*** Opening of DATA ***

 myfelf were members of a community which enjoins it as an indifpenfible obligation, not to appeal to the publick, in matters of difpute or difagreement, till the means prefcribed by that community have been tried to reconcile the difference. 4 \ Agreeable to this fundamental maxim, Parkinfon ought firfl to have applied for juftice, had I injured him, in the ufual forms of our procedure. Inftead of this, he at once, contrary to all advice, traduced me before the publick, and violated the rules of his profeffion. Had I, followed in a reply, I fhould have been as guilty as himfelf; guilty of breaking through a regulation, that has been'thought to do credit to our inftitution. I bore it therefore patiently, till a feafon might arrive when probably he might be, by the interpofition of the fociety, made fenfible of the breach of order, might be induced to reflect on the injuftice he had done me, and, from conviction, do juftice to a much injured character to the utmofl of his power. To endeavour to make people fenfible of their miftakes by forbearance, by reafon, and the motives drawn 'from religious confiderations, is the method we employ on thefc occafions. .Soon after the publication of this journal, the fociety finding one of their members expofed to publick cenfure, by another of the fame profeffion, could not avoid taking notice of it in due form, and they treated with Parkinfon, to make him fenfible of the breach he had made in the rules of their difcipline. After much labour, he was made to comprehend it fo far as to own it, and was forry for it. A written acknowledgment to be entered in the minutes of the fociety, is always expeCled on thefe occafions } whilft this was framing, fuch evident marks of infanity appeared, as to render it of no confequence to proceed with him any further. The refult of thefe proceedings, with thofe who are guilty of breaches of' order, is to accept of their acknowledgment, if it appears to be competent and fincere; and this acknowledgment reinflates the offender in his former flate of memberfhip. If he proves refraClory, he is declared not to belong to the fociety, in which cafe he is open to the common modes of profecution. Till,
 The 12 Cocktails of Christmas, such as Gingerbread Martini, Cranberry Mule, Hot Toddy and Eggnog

*** Close of DATA ***
*** Opening of DATA ***

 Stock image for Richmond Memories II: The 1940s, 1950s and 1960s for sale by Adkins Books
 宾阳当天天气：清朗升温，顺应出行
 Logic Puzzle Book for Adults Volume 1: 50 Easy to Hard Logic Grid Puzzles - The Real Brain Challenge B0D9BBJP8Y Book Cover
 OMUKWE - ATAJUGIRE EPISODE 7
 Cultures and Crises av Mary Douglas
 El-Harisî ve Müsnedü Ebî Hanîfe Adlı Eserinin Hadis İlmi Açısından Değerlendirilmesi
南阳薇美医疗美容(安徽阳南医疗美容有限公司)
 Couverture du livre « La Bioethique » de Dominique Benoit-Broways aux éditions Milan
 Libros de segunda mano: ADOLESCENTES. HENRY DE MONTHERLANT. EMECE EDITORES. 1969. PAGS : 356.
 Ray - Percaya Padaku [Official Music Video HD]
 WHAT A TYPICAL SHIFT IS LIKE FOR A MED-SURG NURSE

*** Close of DATA ***
*** Opening of DATA ***

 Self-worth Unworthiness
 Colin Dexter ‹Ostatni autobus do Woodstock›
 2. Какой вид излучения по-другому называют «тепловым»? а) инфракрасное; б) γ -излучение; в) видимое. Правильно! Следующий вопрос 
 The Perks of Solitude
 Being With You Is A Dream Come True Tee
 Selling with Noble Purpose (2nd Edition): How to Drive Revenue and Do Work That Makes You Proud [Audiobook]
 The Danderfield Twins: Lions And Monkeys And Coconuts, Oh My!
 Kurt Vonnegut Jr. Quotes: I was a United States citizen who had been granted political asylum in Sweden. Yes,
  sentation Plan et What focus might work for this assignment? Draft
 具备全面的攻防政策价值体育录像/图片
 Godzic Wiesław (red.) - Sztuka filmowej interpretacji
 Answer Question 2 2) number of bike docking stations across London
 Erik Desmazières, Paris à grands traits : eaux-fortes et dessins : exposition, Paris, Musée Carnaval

*** Close of DATA ***

▸ **EXERCISE AIM**: Only one stretch of the entries above is wanted: the lines from the one containing "Couverture du livre" through the one containing "WHAT A TYPICAL". Please reproduce it exactly.

▸ **REPLY TO THE TASK**:
 Couverture du livre « La Bioethique » de Dominique Benoit-Broways aux éditions Milan
 Libros de segunda mano: ADOLESCENTES. HENRY DE MONTHERLANT. EMECE EDITORES. 1969. PAGS : 356.
 Ray - Percaya Padaku [Official Music Video HD]
 WHAT A TYPICAL SHIFT IS LIKE FOR A MED-SURG NURSE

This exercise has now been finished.